Wie bereits das Erstgericht ausgeführt hat, handelt es sich bei der Beurteilung der Frage, ob eine Verletzung der Anzeigepflicht gem § 78 StPO durch die Verfahrensrichterin vorlag, die eine Befangenheit begründen könnte, um eine Frage der rechtlichen Beurteilung. Eine Überprüfung dieser Rechtsfrage obliegt dem Rechtsmittelgericht im Anlassverfahren und nicht dem Ablehnungssenat (vgl dazu bereits Punkt 2.1.).

3.2. Der Ablehnungswerber konnte aber auch keinen Grund glaubhaft machen, die Unbefangenheit der Vorsteherin deshalb in Zweifel zu ziehen, weil sie selbst keine Anzeige wegen falscher Beweisaussage erstattet hat.

Die Anzeigepflicht nach § 78 StPO muss an eine konkrete Verdachtslage aufgrund bestimmter Tatsachen anknüpfen, wie sie für die Beschuldigtenstellung gefordert wird. Bloße Anhaltspunkte, die einen Anfangsverdacht herstellen können, lösen noch keine Anzeigepflicht aus (vgl Schwaighofer in Fuchs/Ratz, WK StPO § 78 Rz 17 [Stand 1.12.2020, rdb.at] mwN).
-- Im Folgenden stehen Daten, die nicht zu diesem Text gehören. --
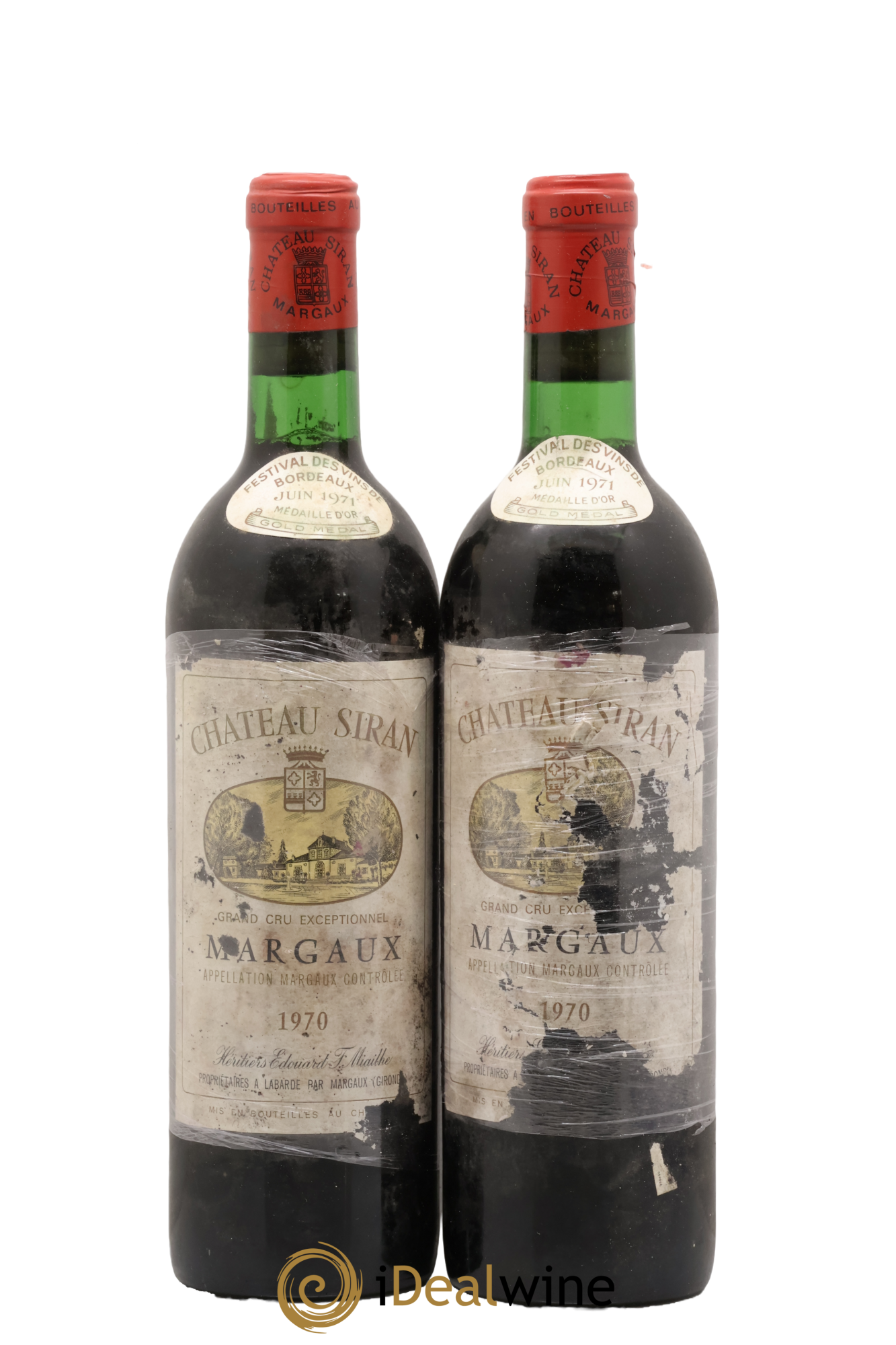 Château Siran 1970 - Lot de 2 bouteilles - 0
Im Verfahren über die gerichtliche Aufkündigung lag dazu lediglich ein E-Mail des Beklagten an die Verhandlungsrichterin vor, in welchem er die Anschuldigung einer falschen Beweisaussage gegen eine Zeugin erhob (dg Beilage ./51). Wenn im Hinblick auf diese Entscheidungsgrundlagen die Vorsteherin eine konkrete Verdachtslage verneinte und für ein Vorgehen nach § 78 StPO keine Veranlassung sah, bedeutet dies keineswegs, dass sie sich dabei von anderen als sachlichen Gesichtspunkten leiten ließ. Dieser Umstand allein kann den Anschein mangelnder Objektivität nicht begründen, sodass auch insofern kein Ablehnungsgrund vorliegt.

4. Ob die Entscheidung der Vorsteherin an den behaupteten Rechts- oder Verfahrensmängeln leidet, bleibt – unter Verweis auf die unter Punkt 2.1. dargelegten Grundsätze – der Entscheidung des Rechtsmittelsenats im Anlassverfahren (über den vom Ablehnungswerber gegen den Beschluss der Gerichtsvorsteherin vom 27.2.2023, GZ F*-3, erhobenen Rekurs vom 17.3.2023) vorbehalten.

5.Aus dem Gesagten folgt, dass das Erstgericht den Ablehnungsantrag in Ermangelung der Voraussetzungen des § 19 Z 2 JN zutreffend zurückgewiesen hat. Dem dagegen erhobenen Rekurs kann somit kein Erfolg beschieden sein.

5.Die Kostenentscheidung beruht auf §§ 40, 50 Abs 1 ZPO. Das Ablehnungsverfahren bildet einen Zwischenstreit, über dessen Kosten nach den Regeln des Ausgangsverfahrens unabhängig von dessen Ausgang zu entscheiden ist (RS0126588). Infolge Zurückweisung des Ablehnungsantrags ist der Beklagte im Zwischenstreit unterlegen und hat seine Kosten daher selbst zu tragen.

7.Der Revisionsrekurs ist nach hRsp gemäß § 24 Abs 2 JN jedenfalls unzulässig (RS0098751; RS0074402).